BEGIN Input records

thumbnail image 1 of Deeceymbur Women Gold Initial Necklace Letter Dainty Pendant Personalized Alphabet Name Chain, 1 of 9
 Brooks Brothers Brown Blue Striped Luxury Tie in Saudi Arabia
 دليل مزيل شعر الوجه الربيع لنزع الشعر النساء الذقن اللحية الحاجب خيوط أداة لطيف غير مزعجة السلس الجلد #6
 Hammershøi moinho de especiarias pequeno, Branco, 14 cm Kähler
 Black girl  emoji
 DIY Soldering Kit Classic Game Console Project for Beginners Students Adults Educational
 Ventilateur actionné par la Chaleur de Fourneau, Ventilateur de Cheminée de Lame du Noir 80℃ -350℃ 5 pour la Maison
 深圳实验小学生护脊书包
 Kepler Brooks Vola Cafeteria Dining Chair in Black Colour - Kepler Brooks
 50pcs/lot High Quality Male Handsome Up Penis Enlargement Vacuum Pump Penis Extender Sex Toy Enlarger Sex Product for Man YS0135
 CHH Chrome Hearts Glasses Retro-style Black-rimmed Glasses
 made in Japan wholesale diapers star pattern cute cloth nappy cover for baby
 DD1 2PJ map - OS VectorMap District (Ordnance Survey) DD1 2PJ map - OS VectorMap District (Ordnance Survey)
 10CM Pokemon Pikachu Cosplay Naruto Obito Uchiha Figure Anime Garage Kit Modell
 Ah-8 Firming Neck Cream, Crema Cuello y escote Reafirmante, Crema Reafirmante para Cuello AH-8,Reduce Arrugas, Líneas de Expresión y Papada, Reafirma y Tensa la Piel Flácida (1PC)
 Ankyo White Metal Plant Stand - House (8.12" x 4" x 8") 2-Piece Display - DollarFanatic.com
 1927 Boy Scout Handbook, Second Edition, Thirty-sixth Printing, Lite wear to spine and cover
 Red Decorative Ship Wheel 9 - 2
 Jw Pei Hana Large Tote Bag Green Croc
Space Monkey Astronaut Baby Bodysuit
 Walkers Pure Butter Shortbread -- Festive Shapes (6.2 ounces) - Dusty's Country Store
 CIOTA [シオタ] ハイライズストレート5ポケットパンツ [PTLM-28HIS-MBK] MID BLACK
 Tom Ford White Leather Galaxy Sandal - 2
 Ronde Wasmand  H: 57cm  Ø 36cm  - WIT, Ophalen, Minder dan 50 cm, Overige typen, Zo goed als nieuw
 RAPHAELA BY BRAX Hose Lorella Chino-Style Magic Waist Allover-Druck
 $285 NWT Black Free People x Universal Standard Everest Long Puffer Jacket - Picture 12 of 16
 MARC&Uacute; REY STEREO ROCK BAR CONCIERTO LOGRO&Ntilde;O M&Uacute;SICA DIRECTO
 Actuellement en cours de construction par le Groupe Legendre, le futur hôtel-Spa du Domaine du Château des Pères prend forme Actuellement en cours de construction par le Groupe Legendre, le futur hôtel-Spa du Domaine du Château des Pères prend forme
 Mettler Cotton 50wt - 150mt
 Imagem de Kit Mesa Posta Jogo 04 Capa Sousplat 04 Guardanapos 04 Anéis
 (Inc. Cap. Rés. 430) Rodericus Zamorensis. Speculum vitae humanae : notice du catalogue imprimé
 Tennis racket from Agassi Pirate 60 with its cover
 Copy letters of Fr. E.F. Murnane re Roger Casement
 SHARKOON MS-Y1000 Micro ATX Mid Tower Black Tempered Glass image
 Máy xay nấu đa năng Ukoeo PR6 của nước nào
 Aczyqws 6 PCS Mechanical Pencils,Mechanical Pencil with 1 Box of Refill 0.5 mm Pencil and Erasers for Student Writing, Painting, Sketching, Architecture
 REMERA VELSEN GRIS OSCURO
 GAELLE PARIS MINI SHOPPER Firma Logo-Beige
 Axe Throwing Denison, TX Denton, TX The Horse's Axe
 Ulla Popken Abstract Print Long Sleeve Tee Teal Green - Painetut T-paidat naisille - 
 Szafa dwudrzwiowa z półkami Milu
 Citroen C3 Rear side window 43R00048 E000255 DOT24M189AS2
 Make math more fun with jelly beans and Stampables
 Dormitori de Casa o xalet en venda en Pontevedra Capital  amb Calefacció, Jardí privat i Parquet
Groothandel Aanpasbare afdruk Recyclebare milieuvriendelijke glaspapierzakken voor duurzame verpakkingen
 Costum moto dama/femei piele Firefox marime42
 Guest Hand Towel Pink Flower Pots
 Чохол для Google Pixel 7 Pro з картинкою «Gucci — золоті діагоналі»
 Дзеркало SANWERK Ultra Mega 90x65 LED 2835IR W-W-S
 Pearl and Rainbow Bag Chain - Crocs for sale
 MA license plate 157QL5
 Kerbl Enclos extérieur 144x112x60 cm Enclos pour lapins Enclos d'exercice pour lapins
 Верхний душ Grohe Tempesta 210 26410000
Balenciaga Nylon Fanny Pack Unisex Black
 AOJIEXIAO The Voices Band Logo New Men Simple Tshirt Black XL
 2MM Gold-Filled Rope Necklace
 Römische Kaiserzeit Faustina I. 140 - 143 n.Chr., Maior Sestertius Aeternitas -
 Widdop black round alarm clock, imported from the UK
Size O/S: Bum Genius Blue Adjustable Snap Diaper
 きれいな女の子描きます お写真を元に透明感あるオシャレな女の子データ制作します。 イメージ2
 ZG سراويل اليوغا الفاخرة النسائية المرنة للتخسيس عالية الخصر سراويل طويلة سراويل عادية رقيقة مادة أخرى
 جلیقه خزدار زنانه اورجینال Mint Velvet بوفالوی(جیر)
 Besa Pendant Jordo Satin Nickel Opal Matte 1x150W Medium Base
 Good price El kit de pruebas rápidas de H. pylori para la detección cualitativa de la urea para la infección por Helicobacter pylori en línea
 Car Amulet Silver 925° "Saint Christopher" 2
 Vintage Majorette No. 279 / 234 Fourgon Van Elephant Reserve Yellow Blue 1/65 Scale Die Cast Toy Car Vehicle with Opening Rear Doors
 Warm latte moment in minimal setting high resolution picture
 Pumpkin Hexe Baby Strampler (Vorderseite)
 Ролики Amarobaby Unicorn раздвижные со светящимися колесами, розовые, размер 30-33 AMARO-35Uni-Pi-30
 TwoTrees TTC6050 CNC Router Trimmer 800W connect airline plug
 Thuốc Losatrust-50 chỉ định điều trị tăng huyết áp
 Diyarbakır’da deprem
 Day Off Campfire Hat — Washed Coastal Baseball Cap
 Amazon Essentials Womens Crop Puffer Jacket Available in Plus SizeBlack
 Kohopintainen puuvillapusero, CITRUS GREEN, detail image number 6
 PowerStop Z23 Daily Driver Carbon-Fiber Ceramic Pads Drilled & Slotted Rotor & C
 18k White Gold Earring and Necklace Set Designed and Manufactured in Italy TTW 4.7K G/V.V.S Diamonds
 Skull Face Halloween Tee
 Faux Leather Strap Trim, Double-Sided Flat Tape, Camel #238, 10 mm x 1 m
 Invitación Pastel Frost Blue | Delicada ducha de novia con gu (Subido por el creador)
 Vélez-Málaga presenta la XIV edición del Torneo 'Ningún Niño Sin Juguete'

END Input records

What to do :: Output the records exactly, so that each line matches what was given.

Response to the exercise ::
thumbnail image 1 of Deeceymbur Women Gold Initial Necklace Letter Dainty Pendant Personalized Alphabet Name Chain, 1 of 9
 Brooks Brothers Brown Blue Striped Luxury Tie in Saudi Arabia
 دليل مزيل شعر الوجه الربيع لنزع الشعر النساء الذقن اللحية الحاجب خيوط أداة لطيف غير مزعجة السلس الجلد #6
 Hammershøi moinho de especiarias pequeno, Branco, 14 cm Kähler
 Black girl  emoji
 DIY Soldering Kit Classic Game Console Project for Beginners Students Adults Educational
 Ventilateur actionné par la Chaleur de Fourneau, Ventilateur de Cheminée de Lame du Noir 80℃ -350℃ 5 pour la Maison
 深圳实验小学生护脊书包
 Kepler Brooks Vola Cafeteria Dining Chair in Black Colour - Kepler Brooks
 50pcs/lot High Quality Male Handsome Up Penis Enlargement Vacuum Pump Penis Extender Sex Toy Enlarger Sex Product for Man YS0135
 CHH Chrome Hearts Glasses Retro-style Black-rimmed Glasses
 made in Japan wholesale diapers star pattern cute cloth nappy cover for baby
 DD1 2PJ map - OS VectorMap District (Ordnance Survey) DD1 2PJ map - OS VectorMap District (Ordnance Survey)
 10CM Pokemon Pikachu Cosplay Naruto Obito Uchiha Figure Anime Garage Kit Modell
 Ah-8 Firming Neck Cream, Crema Cuello y escote Reafirmante, Crema Reafirmante para Cuello AH-8,Reduce Arrugas, Líneas de Expresión y Papada, Reafirma y Tensa la Piel Flácida (1PC)
 Ankyo White Metal Plant Stand - House (8.12" x 4" x 8") 2-Piece Display - DollarFanatic.com
 1927 Boy Scout Handbook, Second Edition, Thirty-sixth Printing, Lite wear to spine and cover
 Red Decorative Ship Wheel 9 - 2
 Jw Pei Hana Large Tote Bag Green Croc
Space Monkey Astronaut Baby Bodysuit
 Walkers Pure Butter Shortbread -- Festive Shapes (6.2 ounces) - Dusty's Country Store
 CIOTA [シオタ] ハイライズストレート5ポケットパンツ [PTLM-28HIS-MBK] MID BLACK
 Tom Ford White Leather Galaxy Sandal - 2
 Ronde Wasmand  H: 57cm  Ø 36cm  - WIT, Ophalen, Minder dan 50 cm, Overige typen, Zo goed als nieuw
 RAPHAELA BY BRAX Hose Lorella Chino-Style Magic Waist Allover-Druck
 $285 NWT Black Free People x Universal Standard Everest Long Puffer Jacket - Picture 12 of 16
 MARC&Uacute; REY STEREO ROCK BAR CONCIERTO LOGRO&Ntilde;O M&Uacute;SICA DIRECTO
 Actuellement en cours de construction par le Groupe Legendre, le futur hôtel-Spa du Domaine du Château des Pères prend forme Actuellement en cours de construction par le Groupe Legendre, le futur hôtel-Spa du Domaine du Château des Pères prend forme
 Mettler Cotton 50wt - 150mt
 Imagem de Kit Mesa Posta Jogo 04 Capa Sousplat 04 Guardanapos 04 Anéis
 (Inc. Cap. Rés. 430) Rodericus Zamorensis. Speculum vitae humanae : notice du catalogue imprimé
 Tennis racket from Agassi Pirate 60 with its cover
 Copy letters of Fr. E.F. Murnane re Roger Casement
 SHARKOON MS-Y1000 Micro ATX Mid Tower Black Tempered Glass image
 Máy xay nấu đa năng Ukoeo PR6 của nước nào
 Aczyqws 6 PCS Mechanical Pencils,Mechanical Pencil with 1 Box of Refill 0.5 mm Pencil and Erasers for Student Writing, Painting, Sketching, Architecture
 REMERA VELSEN GRIS OSCURO
 GAELLE PARIS MINI SHOPPER Firma Logo-Beige
 Axe Throwing Denison, TX Denton, TX The Horse's Axe
 Ulla Popken Abstract Print Long Sleeve Tee Teal Green - Painetut T-paidat naisille - 
 Szafa dwudrzwiowa z półkami Milu
 Citroen C3 Rear side window 43R00048 E000255 DOT24M189AS2
 Make math more fun with jelly beans and Stampables
 Dormitori de Casa o xalet en venda en Pontevedra Capital  amb Calefacció, Jardí privat i Parquet
Groothandel Aanpasbare afdruk Recyclebare milieuvriendelijke glaspapierzakken voor duurzame verpakkingen
 Costum moto dama/femei piele Firefox marime42
 Guest Hand Towel Pink Flower Pots
 Чохол для Google Pixel 7 Pro з картинкою «Gucci — золоті діагоналі»
 Дзеркало SANWERK Ultra Mega 90x65 LED 2835IR W-W-S
 Pearl and Rainbow Bag Chain - Crocs for sale
 MA license plate 157QL5
 Kerbl Enclos extérieur 144x112x60 cm Enclos pour lapins Enclos d'exercice pour lapins
 Верхний душ Grohe Tempesta 210 26410000
Balenciaga Nylon Fanny Pack Unisex Black
 AOJIEXIAO The Voices Band Logo New Men Simple Tshirt Black XL
 2MM Gold-Filled Rope Necklace
 Römische Kaiserzeit Faustina I. 140 - 143 n.Chr., Maior Sestertius Aeternitas -
 Widdop black round alarm clock, imported from the UK
Size O/S: Bum Genius Blue Adjustable Snap Diaper
 きれいな女の子描きます お写真を元に透明感あるオシャレな女の子データ制作します。 イメージ2
 ZG سراويل اليوغا الفاخرة النسائية المرنة للتخسيس عالية الخصر سراويل طويلة سراويل عادية رقيقة مادة أخرى
 جلیقه خزدار زنانه اورجینال Mint Velvet بوفالوی(جیر)
 Besa Pendant Jordo Satin Nickel Opal Matte 1x150W Medium Base
 Good price El kit de pruebas rápidas de H. pylori para la detección cualitativa de la urea para la infección por Helicobacter pylori en línea
 Car Amulet Silver 925° "Saint Christopher" 2
 Vintage Majorette No. 279 / 234 Fourgon Van Elephant Reserve Yellow Blue 1/65 Scale Die Cast Toy Car Vehicle with Opening Rear Doors
 Warm latte moment in minimal setting high resolution picture
 Pumpkin Hexe Baby Strampler (Vorderseite)
 Ролики Amarobaby Unicorn раздвижные со светящимися колесами, розовые, размер 30-33 AMARO-35Uni-Pi-30
 TwoTrees TTC6050 CNC Router Trimmer 800W connect airline plug
 Thuốc Losatrust-50 chỉ định điều trị tăng huyết áp
 Diyarbakır’da deprem
 Day Off Campfire Hat — Washed Coastal Baseball Cap
 Amazon Essentials Womens Crop Puffer Jacket Available in Plus SizeBlack
 Kohopintainen puuvillapusero, CITRUS GREEN, detail image number 6
 PowerStop Z23 Daily Driver Carbon-Fiber Ceramic Pads Drilled & Slotted Rotor & C
 18k White Gold Earring and Necklace Set Designed and Manufactured in Italy TTW 4.7K G/V.V.S Diamonds
 Skull Face Halloween Tee
 Faux Leather Strap Trim, Double-Sided Flat Tape, Camel #238, 10 mm x 1 m
 Invitación Pastel Frost Blue | Delicada ducha de novia con gu (Subido por el creador)
 Vélez-Málaga presenta la XIV edición del Torneo 'Ningún Niño Sin Juguete'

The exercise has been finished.